1BR; Cobble Hill, Brooklyn
Tue Apr 26 2011
Photograph: Cinzia Reale-Castello
Dan Starobin, 29, IT manager for city government; Bianca Taylor-Starobin, 31, law-school admissions officer
Broker's fee: 12% ($3,024)
Broker: Candice Vilaire, Brooklyn Heights Real Estate (917-405-7342, email@example.com)
Moved in: July 2010
The search: "We were in Prospect Heights for a year and then three years in Brooklyn Heights," says Starobin. "We used Candice to move both times. Both times we were expecting to be able to do this on our own with Craigslist. I think it's possible, but it's very time-consuming. We sort of stumbled upon her and she just worked her butt off.
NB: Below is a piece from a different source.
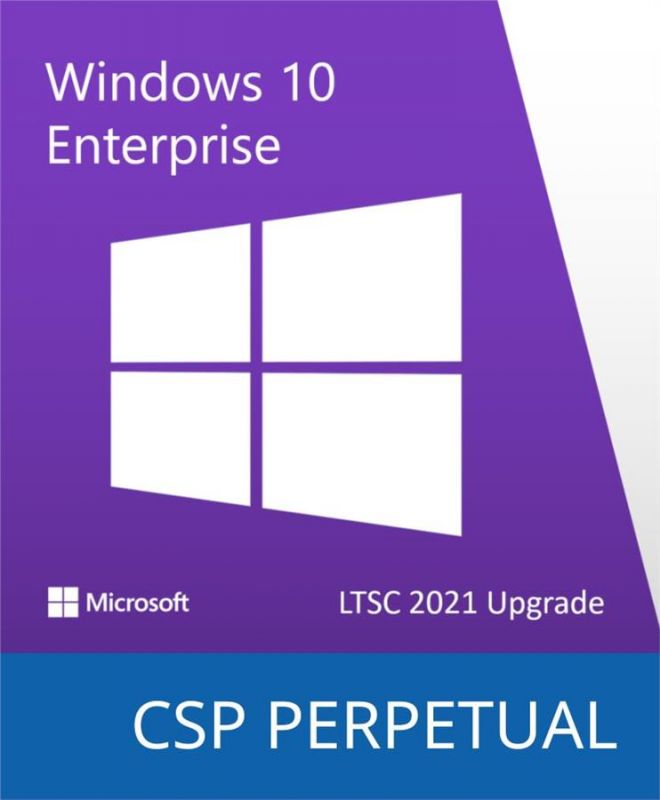 Програмний продукт Microsoft Windows 10 Enterprise LTSC 2021 Upgrade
She took the time to listen to us and what we needed and basically came to us with a bag of stuff and said, 'Let's look.'"
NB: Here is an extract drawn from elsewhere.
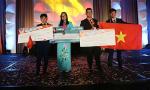 Vietnam wins three bronzes in world informatics, design contests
The area: "We like [Cobble Hill] because it's generally pretty quiet and family-friendly; there are a lot of babies in the neighborhood, and we knew we'd be having a child in this apartment," says Starobin. "It's safe, pretty close to transportation, close to good restaurants, close to the waterfront and the new greenway that's being constructed all the way down to the Verrazano. It also happens to be close to my parents, who live a mile away. We wanted a whole floor; you can get a floor in Cobble Hill, but you can't really get one in Brooklyn Heights—the buildings in Brooklyn Heights are subdivided to a greater extent."
The broker: "We found that half the brokers that we located online were very flaky and [we] had bad experiences with setting up appointments and them not showing up," Starobin recalls. "In one case, a woman who called us didn't know how to pronounce Joralemon Street. But Candice was very obviously a very hard worker and interested in doing business with us in the future, so she gave us really good service and it worked—she's the first person who popped into our heads when we decided to move."
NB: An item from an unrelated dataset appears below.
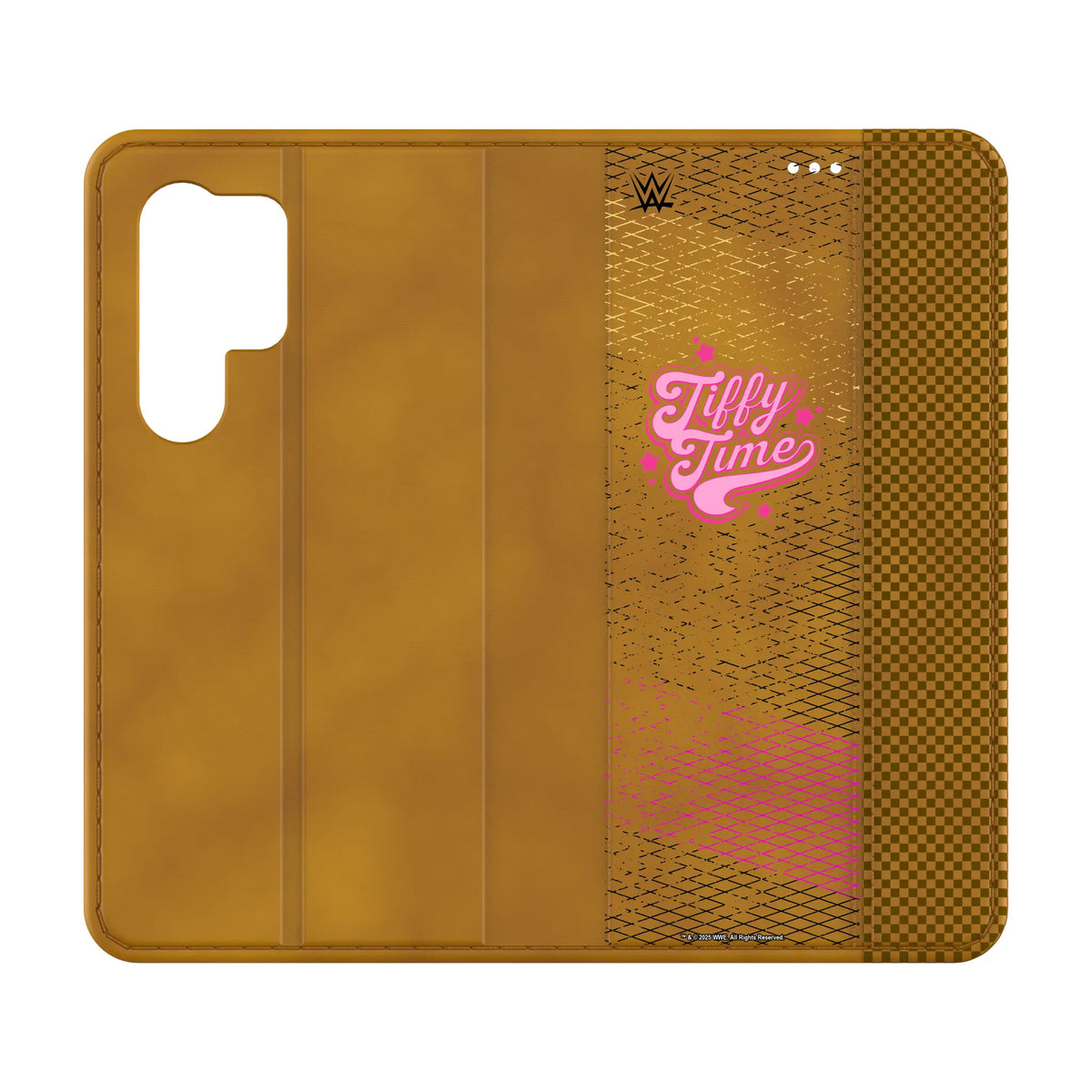 Tiffany Stratton Steel Galaxy Folio Phone Case for Samsung Galaxy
The apartment: "We were like, Crap, it's big!" says Starobin with a laugh. "We were living in a 400-square-foot studio in Brooklyn Heights, and before that a 350-square-foot one-bedroom in Prospect Heights. As soon as we saw this place—650 square feet with a hallway that's maybe another 80 square feet—it just felt huge. A lot of light, eastern and western exposures, a new bathroom."
The perks: "There are four units in the building, and the landlord lives in the ground one," says Starobin. "He gives each tenant a $200 paint allowance and they can paint the apartment any way they want. And he was open to any improvement. Replacing doorknobs, switch plates—he said we should give him the receipts and he'll knock it off the rent. I built a custom closet and we just took it off the rent. And then we had a massive leak that destroyed the kitchen, and the landlord decided to gut it and give us a brand-new one. They found brick behind one of the walls, so they left that. It turned out really beautiful. So it's really worked out well for us."
Tips for apartment hunters: Starobin notes: "Up front, a broker's fee might look like a big cost, but you have to decide how long you think you're going to stay in the apartment. If a broker charges 12 percent of a year's rent, calculate what that is and average it out over 36 months. You have to think about the overall impact on your life. And brokers sometimes have access to places that are better than what you'd find on your own."